Collection entries:
○ ○ ○
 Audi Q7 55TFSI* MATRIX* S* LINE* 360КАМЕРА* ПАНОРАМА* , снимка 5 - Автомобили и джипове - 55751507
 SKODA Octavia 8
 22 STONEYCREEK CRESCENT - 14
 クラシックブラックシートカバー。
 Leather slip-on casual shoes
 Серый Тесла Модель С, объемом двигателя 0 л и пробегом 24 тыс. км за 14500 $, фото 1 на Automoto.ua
○ ○ ○
Exercise aim:
Provide an exact transcript of the lines from the one that holds "Leather slip-on casual shoes" through the final line of the data above.

Exercise response:
 Leather slip-on casual shoes
 Серый Тесла Модель С, объемом двигателя 0 л и пробегом 24 тыс. км за 14500 $, фото 1 на Automoto.ua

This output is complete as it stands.